**TASK PROMPT:** From the first line to the last, repeat the data exactly and drop the pictures.

**THE DATA:**

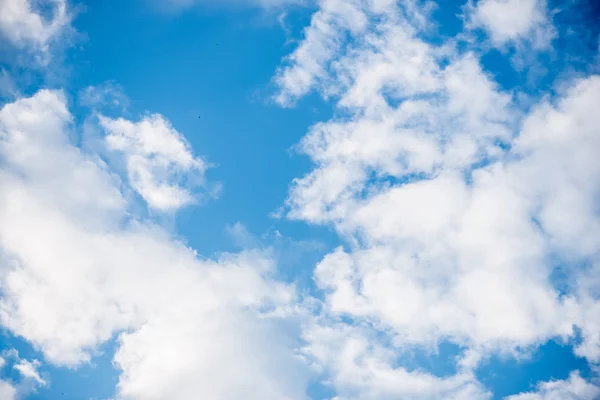 Langit biru dan awan putih — Stok Foto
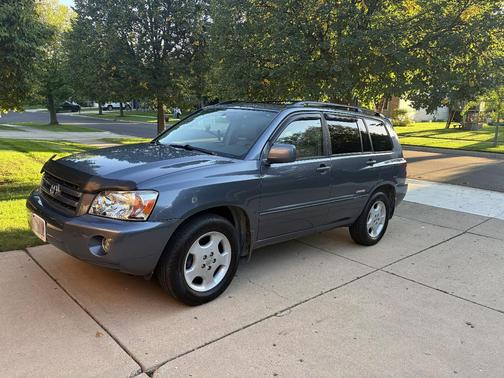 Blue 2007 Toyota Highlander Limited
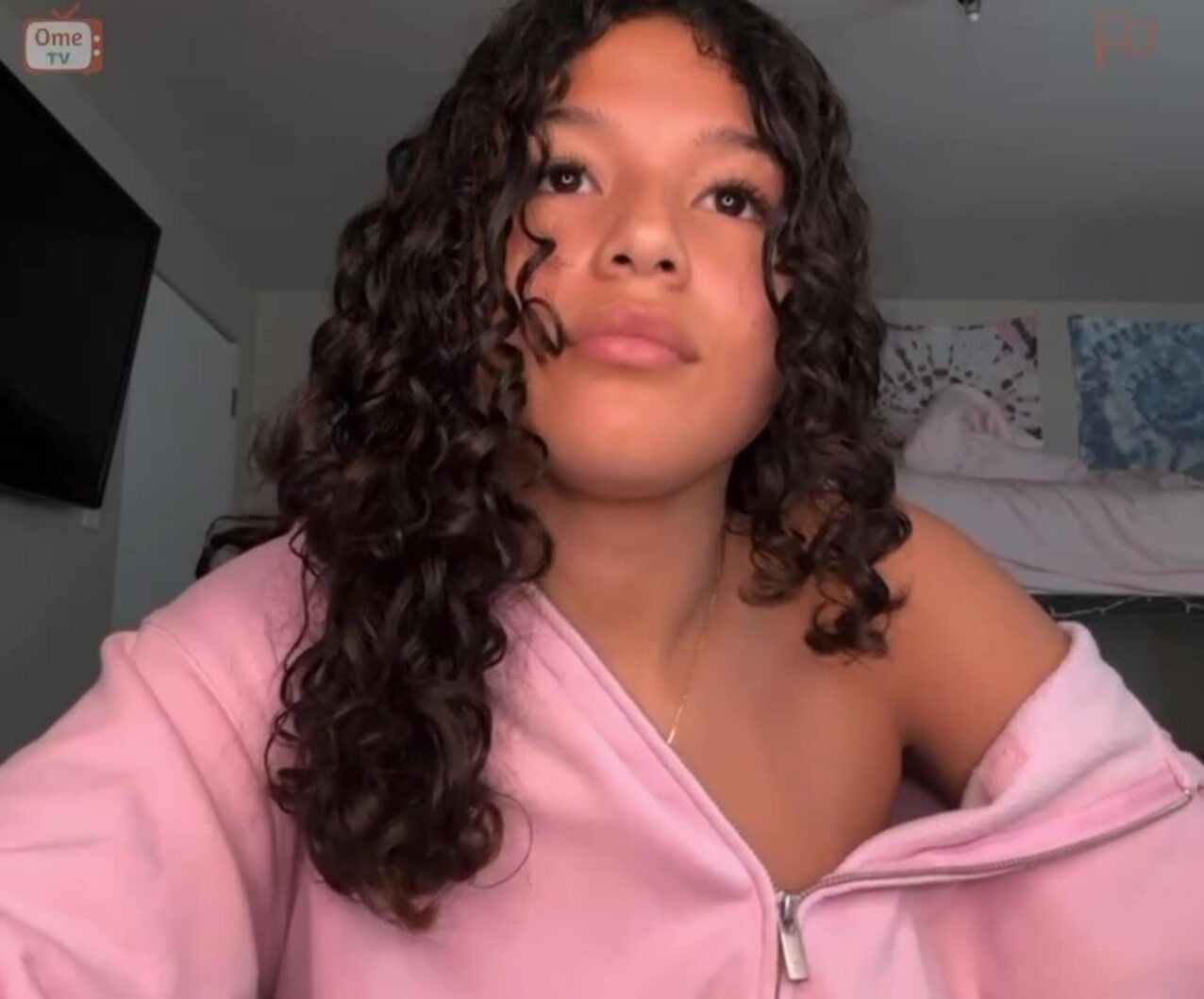 teen latina curly hair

**EXERCISE OUTPUT:**
 Langit biru dan awan putih — Stok Foto
 Blue 2007 Toyota Highlander Limited
 teen latina curly hair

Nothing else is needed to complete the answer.